**INPUT MATERIAL**
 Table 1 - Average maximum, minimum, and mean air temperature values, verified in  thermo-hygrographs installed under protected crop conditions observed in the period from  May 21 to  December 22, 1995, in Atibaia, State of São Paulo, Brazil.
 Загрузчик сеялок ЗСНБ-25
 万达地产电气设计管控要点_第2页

* * *

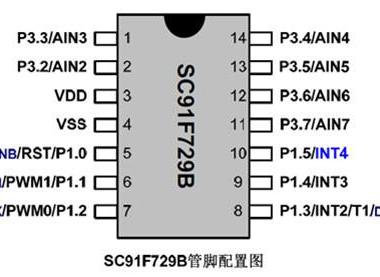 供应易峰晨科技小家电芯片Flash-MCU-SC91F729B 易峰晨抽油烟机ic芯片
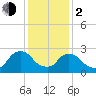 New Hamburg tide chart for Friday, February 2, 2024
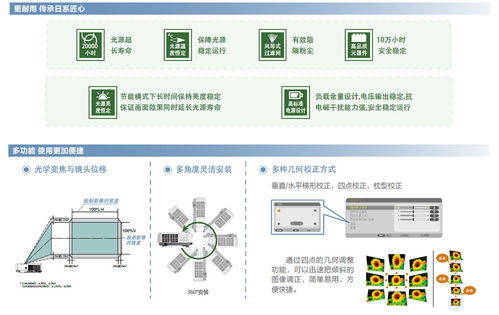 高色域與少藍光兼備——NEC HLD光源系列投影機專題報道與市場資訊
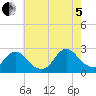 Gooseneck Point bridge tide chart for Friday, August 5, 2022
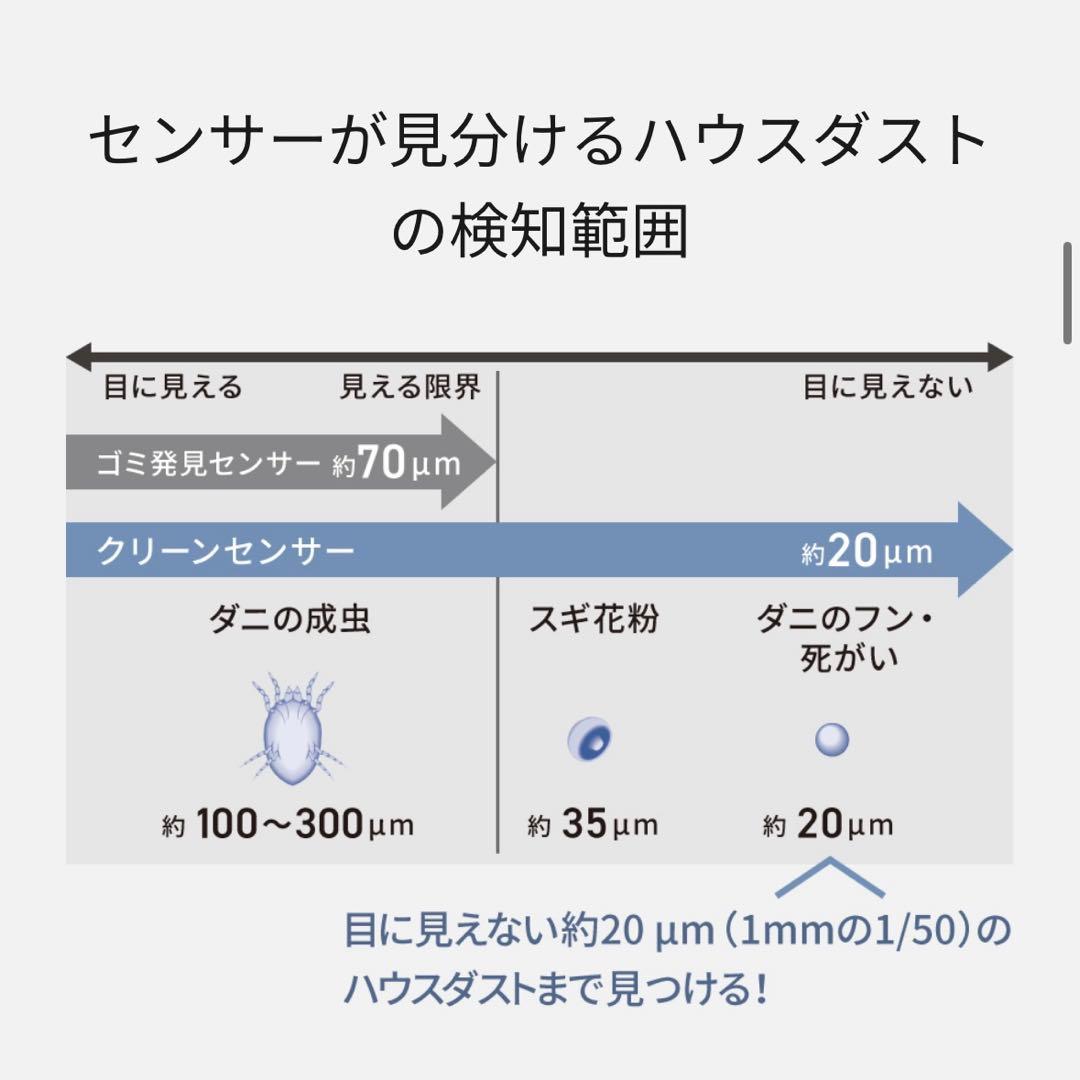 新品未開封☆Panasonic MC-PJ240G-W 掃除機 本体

**WHAT YOU HAVE TO DO**
Leaving out all pictures, set down exactly the lines of the material above, from the line with "Gooseneck Point bridge" to the line with "新品未開封☆Panasonic MC-PJ240G-W 掃除機 本体" inclusive, and no others.

**ANSWER TO THIS TASK**
 Gooseneck Point bridge tide chart for Friday, August 5, 2022
 新品未開封☆Panasonic MC-PJ240G-W 掃除機 本体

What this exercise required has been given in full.